He's shouting, swinging the bat smoothly, his muscled right arm guiding it through more than fast enough for a 78-year-old man, because who wants to be late? His wrists crack, and the bat snaps up at the end, making it easy to imagine him in Fenway, lean and whole. "So I have this much to hit the ball," he says, "and here I'd be on a flat plane, and I had six, seven inches to hit it. So anyway, I moved a little farther back, and it was perfect."
And for the next 30 seconds the old man stands over a hassock, the years falling off his shoulders and his bat gliding over the plate. He tells of that hitting lesson from Pittsburgh Pirates star Paul Waner, and of outwitting the Cleveland Indians' great pitchers of the late '40s and early '50s, and of the time New York Yankees catcher Yogi Berra picked up on that small adjustment Williams made in the batter's box. Finally, after reaching to show how he went after outside pitches, Williams comes back to the present. "Whoa, I'm going to fall down," he says lightly, and he plops safely back into his easy chair.

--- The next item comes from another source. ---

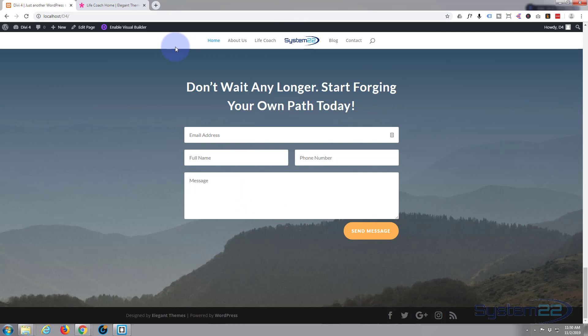Fantastic. Well there you have it. That is how to build a multi-page website in about 20 minutes with the fantastic Divi theme from Elegant Themes. I hope you've enjoyed that. If you have, please give it a thumbs up, share, comment and subscribe. If you're interested in web development, take a look down below. We got some great free courses down there as well as some premium courses with some huge discounts for our YouTube subscribers, so do check it out. Once again this has been Jamie with System 22 and webdesignandtechtips.com. Thanks for watching, have a great day.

It has been a priceless performance, surreal and somehow grand, and now that it's over, there isn't much to say. Brothers clears the room, and Williams shuffles out last. "Hard right," Brothers says, and Williams turns down the hallway toward his bedroom for some rest. Then he stops. "Where's John-Henry?" he says. "John-Henry said he could come this morning."
Brothers says John-Henry had a meeting. "Aw, hell," Williams says. "He's always in a meeting."
Ted Williams's only son is out of his car and moving, feeling that adrenaline again, that hop in his gut. "I don't know what it is," says John-Henry Williams, 28, snapping his fingers. "It's like, I know what I'm doing now. I'm in my element. Like Ted Williams: Put him at the plate, something happens. When I go into a store looking for Ted Williams autographs, I walk in and I can just see one—wherever it is. I can pick 'em out."
For five years he has been cruising malls in New England, in Las Vegas, wherever, pulling up at places like this one, the Sports Treasures kiosk in the Natick (Mass.) Mall. He zeroes in on a $175 plaque or a $199 ball, accosts an unsuspecting clerk and asks about the autograph on the item, its history, who had it last. He demands phone numbers. Sometimes John-Henry buys; he claims to have $40,000 worth of forgeries in storage. Some pieces he confirms as real.
"That Ted Williams plaque you have?" John-Henry says now. "It's fake." The clerk's mouth drops open.
"It is?" he says.
"The ball, too." John-Henry grills the clerk at length about the items' histories. Then he leaves.
Asked later if he makes many mistakes in assessing the authenticity of Williams memorabilia, John-Henry says, "I've never been wrong."